誰かのためだなんて誰かの所為にして、自らの命を捨てるような馬鹿がクロコダイルは嫌いだった。誰かのために、その誰かにされた誰かは自らの所為で死んでいった者を目前に何を想えばいい。誰を責めればいい。

それは誰かのためにだなんて言うんじゃねぇ、自分のために誰かを言い訳に自殺してんだ。


「そうやってあの人は色んな島をその名前で守っとる。海賊のボスだから打ち倒せばいいってもんじゃないでしょうが……っ」


ジンベイの言葉にクロコダイルの脳裏に浮かぶ一人の男。むかつぐらい豪快に笑う男だ。次いで浮かんだのはあいつの顔。

泣いた顔だった。何か言いたげだった。あの時、手を伸ばせふれられた。でもそれをしなかったのはあいつのためなんかじゃなくて俺自身のためだ。


「わしは死んでもこの戦いを止めたかった!あんたを、救い出したかった!」


あぁ、きっとあいつなら今の言葉に腹を立てただろうよ。あいつも、そういうのが嫌いな奴だ。

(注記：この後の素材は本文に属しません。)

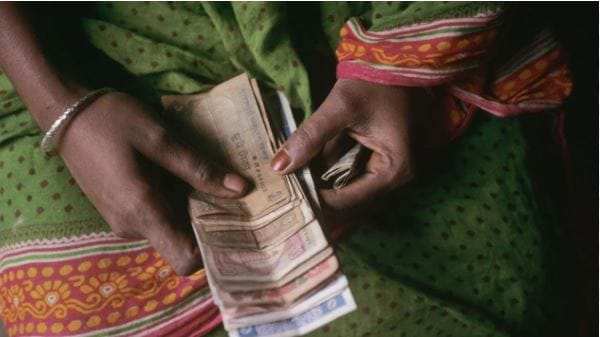 या योजनेच्या माध्यमातून सरकार तुम्हाला कर्ज देते. उद्योगिनी योजनेच्या माध्यमातून दिले जाणारे हे कर्ज कोलॅटरल फ्री असते. म्हणजेच हे कर्ज देताना महिलांना कोणतेही तारण ठेवण्याची गरज नसते. महिलांना या योजनेअंतर्गत एक ते तीन लाख रुपयांपर्यंतचे कर्ज मिळू शकते. 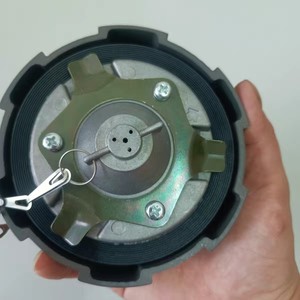 Couvre-réservoir diesel Hyundai 32M9-02130, bouchon de réservoir d'essence d'origine pour excavatrice Hyundai Huatai - Product Image 1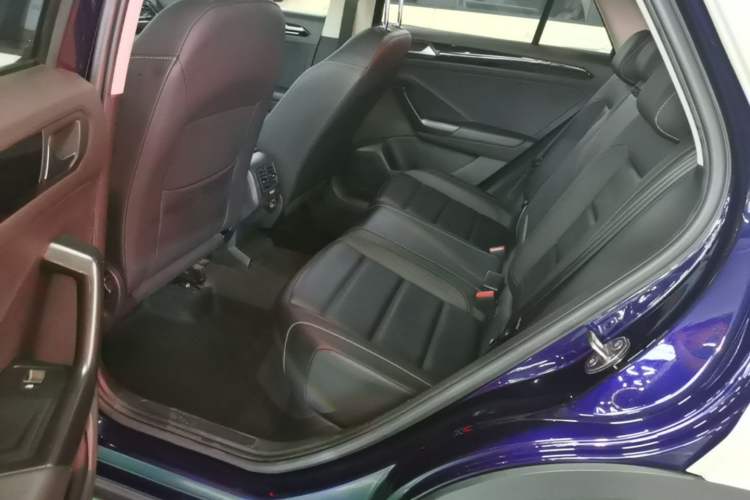Used Volkswagen T-ROC 2020 280TSI DSG Two-Wheel Drive Comfort Version Left Rear Seat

そのくせ一番あいつがそういう奴だったが。

クロコダイルは可笑しくなった。


「ジンベエ、もうよしてくれ……ッ、辛ぇだけだ!」

「まだ希望は捨てておらん、『奇跡』と『チャンス』を……わしは信じている!」

「……ッ!」


あぁ、本当クソだな。


「クッ、クハハハ、シャバはずいぶん面白ぇことになってる様だな。ククククッ」


クロコダイルは心底可笑しそうに、且つ底冷えするような笑い声を漏らした。


「『白ひげ』を討ち取るにゃあまたとねぇ好機ってわけか。こりゃあ流石に血が騒ぐ」

「……貴様!」


ジンベエは目をぎょろりと動かしそこにいる男を睨めた。


「お前がオヤジの首を取るだと!?」


エースは小馬鹿にしたように言った。


「俺だけじゃねぇさ」


それを合図にか、堰を切ったように牢内が五月蝿くなる。下卑た笑い声とともに白ひげに対する誹謗中傷。


「黙れ!貴様らぁ!」


ジンベエが吠える。


「ジンベエ、『火拳』、よぉく覚えておけ。『白ひげ』や『ロジャー』に勝てなかっただけで涙をのんだ『銀メダリスト』達は……この海にごまんといるんだぜ!」


クハハハハ!

クロコダイルは高らかに笑った。

あぁ、愉快だ愉快だ。

なのに、何でこんなにも虚しいのだろう。